December 4, 2012:

Teachers in Community Unit District 300 reached a deal with the school board late Tuesday to end a one-day walkout in the large far northwest suburban school district.

Talks had broken down late Monday, prompting the district's more than 1,200 teachers to go on strike Tuesday and leaving more than 20,000 students out of class.

District 300, based in Carpentersville, was the latest among at least six Chicago-area school systems — including Chicago Public Schools — whose teachers have gone on strike this school year. Many of the same issues — class size, pay and benefits, equity of compensation compared to similar districts — have been repeated, as school boards seek new ways to control spending amid new mandates from Springfield and more modest tax receipts than before the economic downturn.

Tuesday, much of the public back-and-forth between the union and district officials was over class size. Currently, elementary classes are capped at 33 to 37 students, according to district figures, but some high school classes top 40 students, teachers said.

But district officials said they offered a deal to teachers on Monday in which class sizes would be capped next year at 27 students in kindergarten through second grade and 30 students in grades three to five. The plan would also add 60 new teachers throughout the district.

Williamson, however, said those class sizes aren’t low enough to satisfy teachers. He also said teachers want an increase in their base salary.

The district counters that the union returned with new salary demands after the school board made its offer to lower class sizes. The district say it has offered teachers raises of 3 percent this year, 2 percent next year and 3 percent in the following — figures that include both base pay and “step increase,” additional raises that teachers in most Chicago-area districts receive each year for adding another year of seniority.

Of the teachers strikes that have occurred so far this year in the Chicago area, Evergreen Park District 124’s was the longest, lasting 10 days.

Chicago Public School teachers were off the job for seven days, and Lake Forest High School teachers for five days. Strikes in Crystal Lake-based Prairie Grove District 46 and Highland Park-based North Shore District 112 also each lasted for one day before deals were reached.

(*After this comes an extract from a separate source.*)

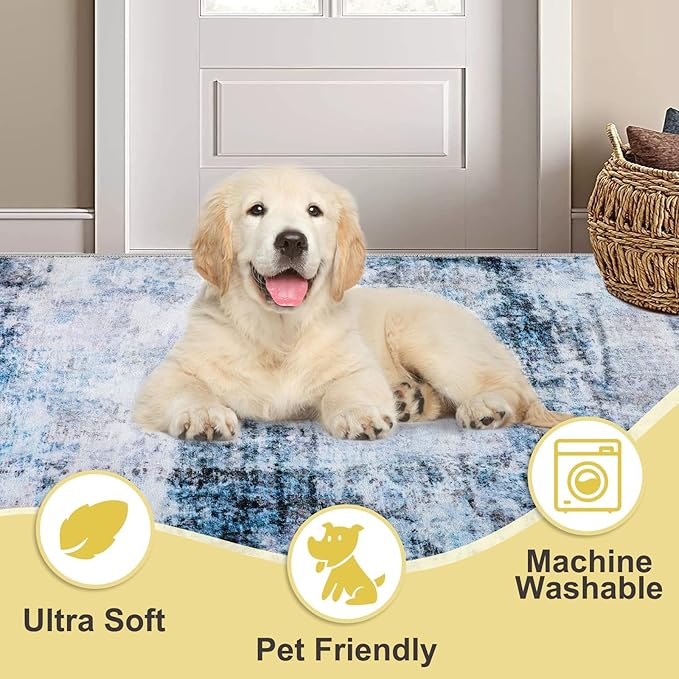 COMSLE Door Mat, Front Door Mat Indoor for Entrance Faux Wool Absorbent Non Slip Modern Throw Rug for Entryway Bedroom Muddy Paws - Pet Friendly, 36x60 Inches,Smashing Blue Machine Washable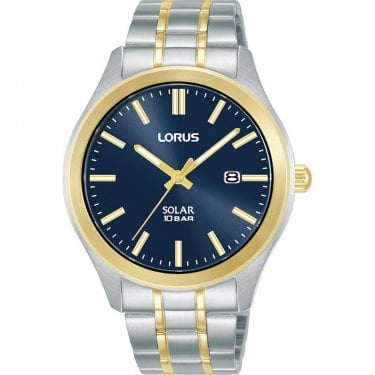 Lorus Gents Elegant Blue Dial Two Tone Stainless Steel Solar Watch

http://www.chicagotribune.com/news/local/breaking/chi-carpentersville-strike-ends-tentative-3yearcontract-reached-20121204,0,7193665.story




my comment: So the 20 thousand students in Carpentersville are back in class and the sixth teacher strike in the Chicago area this year alone has been settled. Also today, the International Longshore and Warehouse Workers Local 63 ended their strike.

http://www.reuters.com/article/2012/12/05/us-usa-port-losangeles-idUSBRE8B40MP20121205

Traditionally, a strike is intended to be costly so that management will decide that paying the strikers a greater rate is inexpensive by comparison. Notice that, from the strikers’ perspective, the most costly, damaging and wasteful behavior on their part provides the greatest shield for their rate demand.

Notice too that there is no reason for the strikers to mollify the cost, damage and waste they cause since it is a burden that falls on others and not on them.

The ILWW local 63 has 800 clerks who struck the ports of Los Angeles and Long Beach, through which 40 percent of all our container cargo flows. Other unions would not cross their picket lines and Southern California lost a billion dollars per day for the duration. Think about that: Their 8-day strike caused $10 million of loss per ILWW63 clerk!

The world has changed – if a Home Depot distribution center in Illinois orders a container of hammers from China, the 40 foot container is filled and locked shut in Shanghai. It is then moved by truck, ship, rail and truck to its destination. All the “paperwork” is handled by email between the Chinese factory and the Illinois warehouse.

The 800 clerks really didn’t have a role in the 21st Century. The intermodal transfer and customs logistics could be addressed with some computer integration. The 800 should have been replaced with six software engineers.

But the mentality of union bosses is notoriously unimaginative and they would not honestly address the influence of technology. Instead, their operating assumption was that the work of the 800 clerks is essential and so, they posit, it must be assumed by clerks in China and an “outsourcing” lie was invented.

Instead of economic efficiency and the greater good, the Luddites of the ILWW opted for featherbedding. For each clerk, $10 million of needless cost was imposed on other people. So they got their way and will continue in their meaningless jobs indefinitely. And that is why hammers at Home Depot are more expensive than they should be.

The burden of a teachers’ strike is not as clearly denominated in dollars. The cost, damage and waste threatened by the LFEA included:

..missed instruction

..homecoming weekend

..state championship football

..college application jeopardy

..angst

But, like the ILWW that caused $10 million of cost for third parties per striking clerk, the LFEA demonstrated that it desired to inflict so much injury on our students that their salary demands would seem small by comparison. If we cooperate in their extortion, we can expect to be extorted again and again.

The first LFEA strike at LFHS was 3 months ago. They got a 4-year contract, so the next LFEA strike at LFHS will be 45 months from now.